Paris, capitale européenne des migrants
En matière d’accueil, la Ville lumière se veut innovante. Sera-t-elle une exception ou un modèle à l’échelle européenne ?
Paris a connu début juillet une énième opération d’évacuation des campements de migrants. La place Stalingrad et la porte de la Chapelle incarnent la tiers-mondisation et la bidonvillisation de quartiers de la capitale. Localement, exaspération et accablement sont de mise face à l’accumulation et à la répétition des phénomènes. Internationalement, Paris surprend, positivement ou négativement, dans sa gestion volontariste des migrants. Mais d’abord, de qui parle-t-on ? Issus de pays en développement, en difficulté, en guerre, les individus, les familles, les enfants qui campent, décampent et reviennent camper relèvent, en fait, de deux catégories : soit ils sont demandeurs d’asile ou réfugiés quand ce statut leur a été accordé, soit ils sont clandestins, illégaux, sans papiers, sans demande d’asile ou sans raison de demander l’asile.
De bonnes âmes soulignent des zones grises, intermédiaires, complexes à évaluer et établir. Mais la chose, sur le papier et dans le marbre du droit, est simple : soit ces migrants sont dans une situation qui les autorise à rester sur le territoire et qui commande l’action de la France pour les accueillir dignement, soit ils ne le sont pas. En tout cas, Paris a décidé d’agir, pour tous ces migrants, en créant notamment un centre humanitaire et en demandant la mobilisation de foyers d’accueil et d’orientation un peu partout en France.

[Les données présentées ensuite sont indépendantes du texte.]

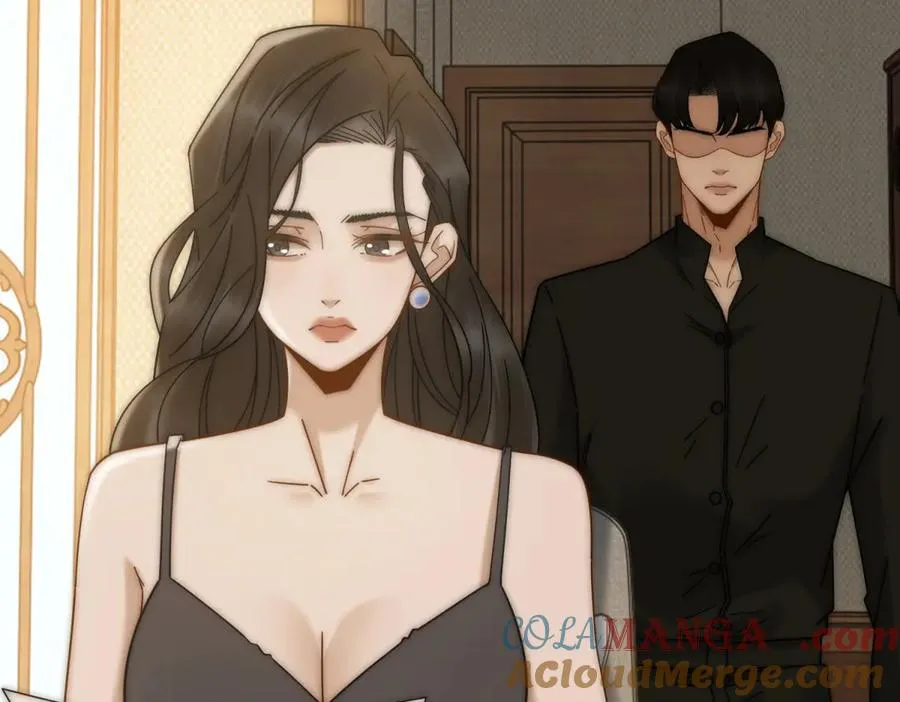 第38话 你究竟有过几个男人？104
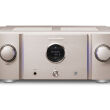 Marantz PM10 Gold Premium Wzmacniacz Autoryzowany Dealer - 2
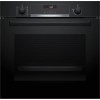 Духовой шкаф Bosch HBG536EB3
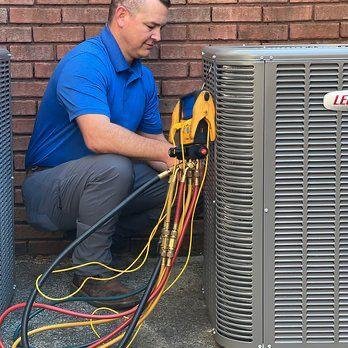 whatsapp image 2025 06 16 at 6.19.54 pm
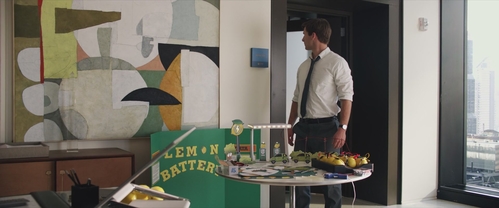 Click to view full size image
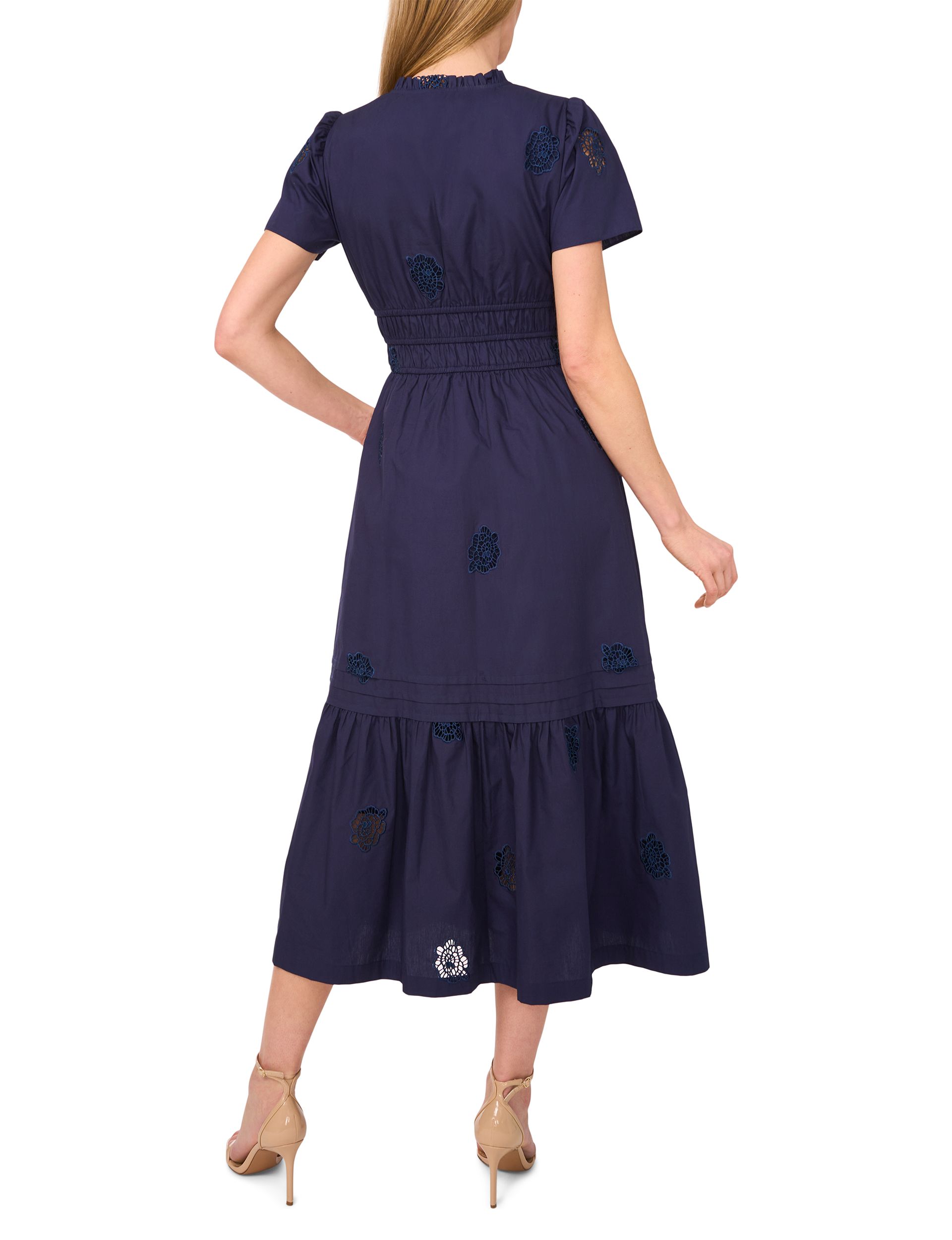 Imagen de producto 2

Il y a là du neuf. Il y a là aussi de l’ancien, avec un dilemme auquel Paris se confronte invaria- blement. La Ville lumière, au moins à l’échelle européenne, compte parmi les plus tolérantes et innovantes face aux diverses formes de dénuement. Son problème, multiséculaire, consiste à savoir si d’autres villes la suivront ou bien si ces autres villes se défausseront sur ses innovations.
A travers les siècles, tous les programmes de lutte contre le vagabondage et la précarité ont eu un même effet. Des misérables quittent leurs lieux d’origine vers les villes, en particulier vers la capitale, où ils pensent trouver secours, abri ou travail. Paris est ainsi rituellement obligé d’innover puis, face à l’afflux suscité de pauvreté, d’inciter les autres collectivités à suivre le mouvement. Sur un plan répressif, Louis XIV crée à Paris, au milieu du XVIIe siècle, l’Hôpital général pour enfermer les vagabonds. Devant la massification observée du phénomène, le roi demande aux provinces d’ouvrir d’autres hôpitaux. Au début du XIXe siècle, Napoléon crée, toujours à Paris, des dépôts de mendicité. L’Empereur, face à la pression sur le système parisien, impose aux autres départements l’ouverture de nouveaux établissements. Sur un plan plus social, Jacques Chirac implante, à la fin du XXe siècle, un Samu social à Paris. Très rapidement, l’Etat doit relayer l’initiative municipale afin qu’elle soit reprise ailleurs dans l’Hexagone. Anne Hidalgo rencontre actuellement le même problème.
Soit la ville de Paris réussit à pousser les autres métropoles à agir, soit elle doit demander la fermeture des frontières.